- _INPUT DATA_
__________________________________________________
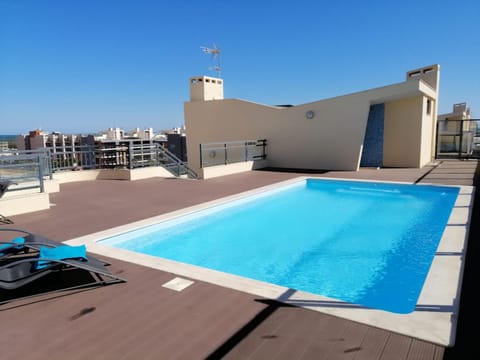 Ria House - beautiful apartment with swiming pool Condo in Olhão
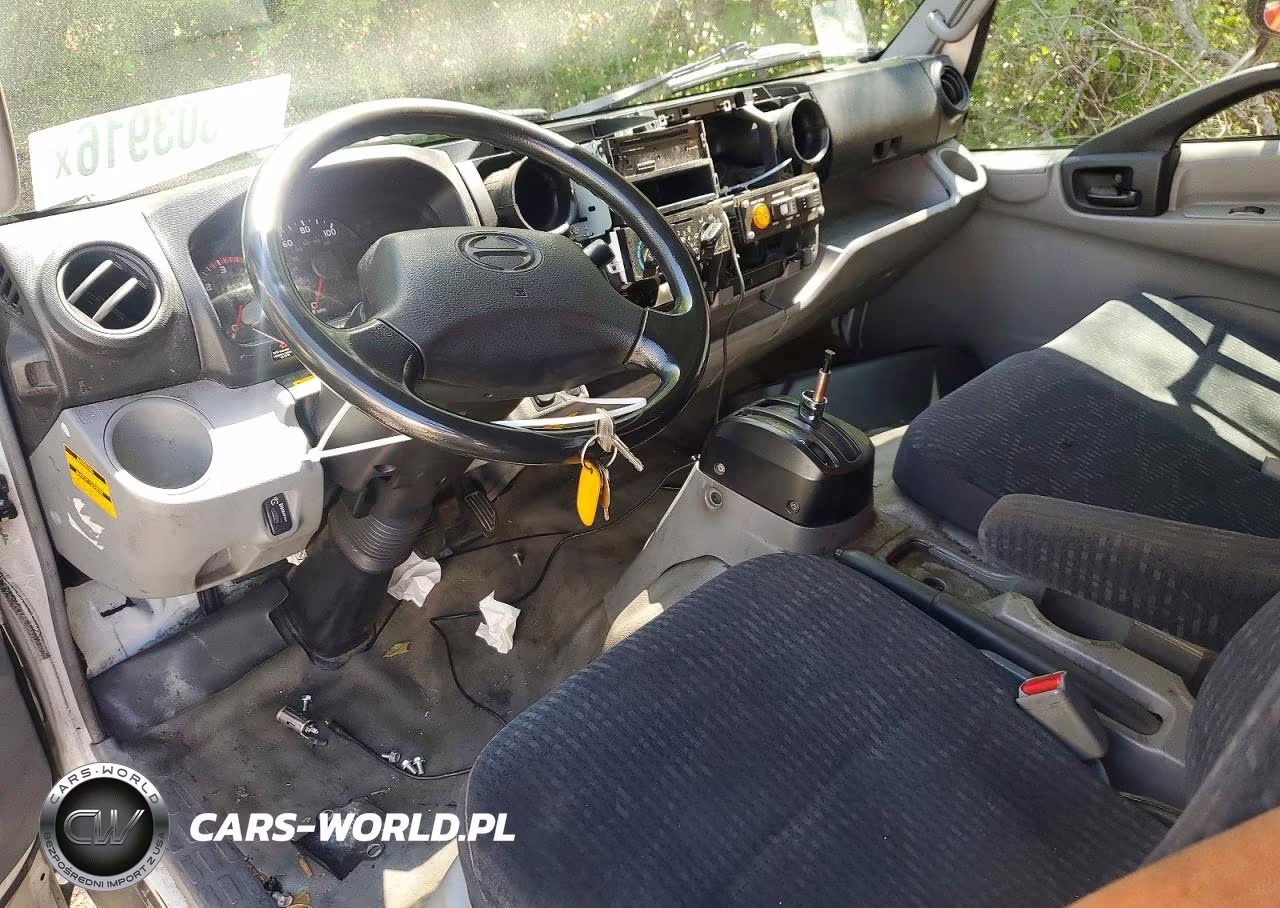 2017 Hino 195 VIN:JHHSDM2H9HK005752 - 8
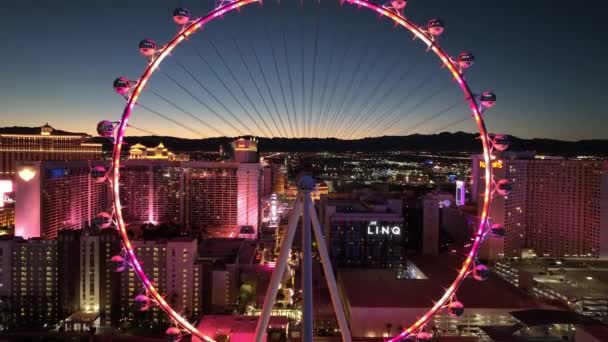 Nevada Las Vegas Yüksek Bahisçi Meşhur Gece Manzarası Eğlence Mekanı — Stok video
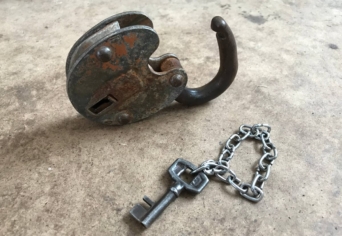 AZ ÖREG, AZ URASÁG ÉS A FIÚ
__________________________________________________
- _WORK REQUIRED_
Transcribe the listing above verbatim. Omit the pictures.

- _RESULT OF THIS EXERCISE_
 Ria House - beautiful apartment with swiming pool Condo in Olhão
 2017 Hino 195 VIN:JHHSDM2H9HK005752 - 8
 Nevada Las Vegas Yüksek Bahisçi Meşhur Gece Manzarası Eğlence Mekanı — Stok video
 AZ ÖREG, AZ URASÁG ÉS A FIÚ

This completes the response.